Dataset excerpt below:

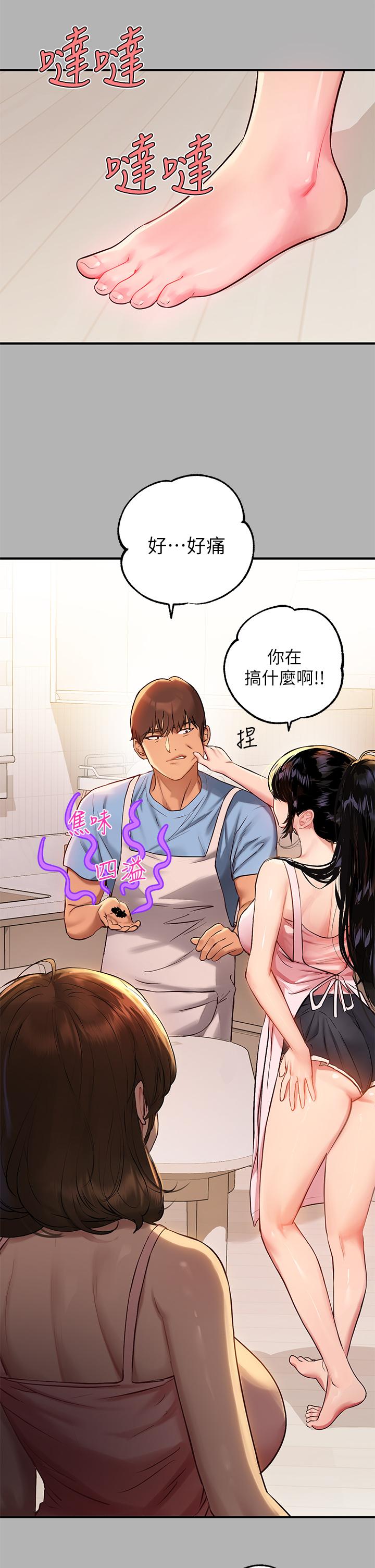 第50话-铭宇争夺战-富家女姐姐-NOAH（第7张）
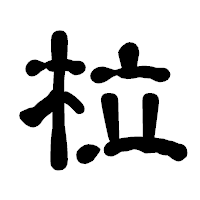 「柆」の古印体フォント・イメージ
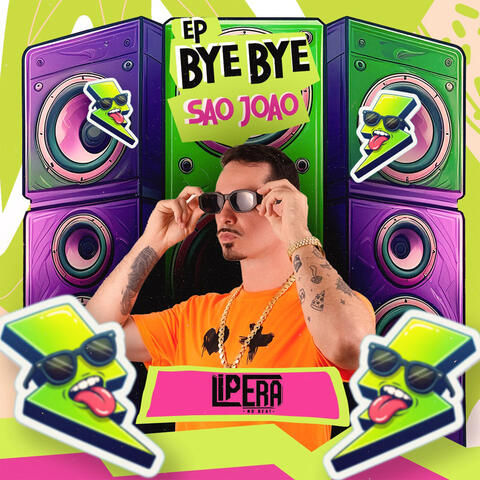 Boobie Goods album art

End of Dataset excerpt.

Prompt:
Your task is to repeat the data above exactly while excluding the pictures.

Finished exercise:
 第50话-铭宇争夺战-富家女姐姐-NOAH（第7张）
 「柆」の古印体フォント・イメージ
 Boobie Goods album art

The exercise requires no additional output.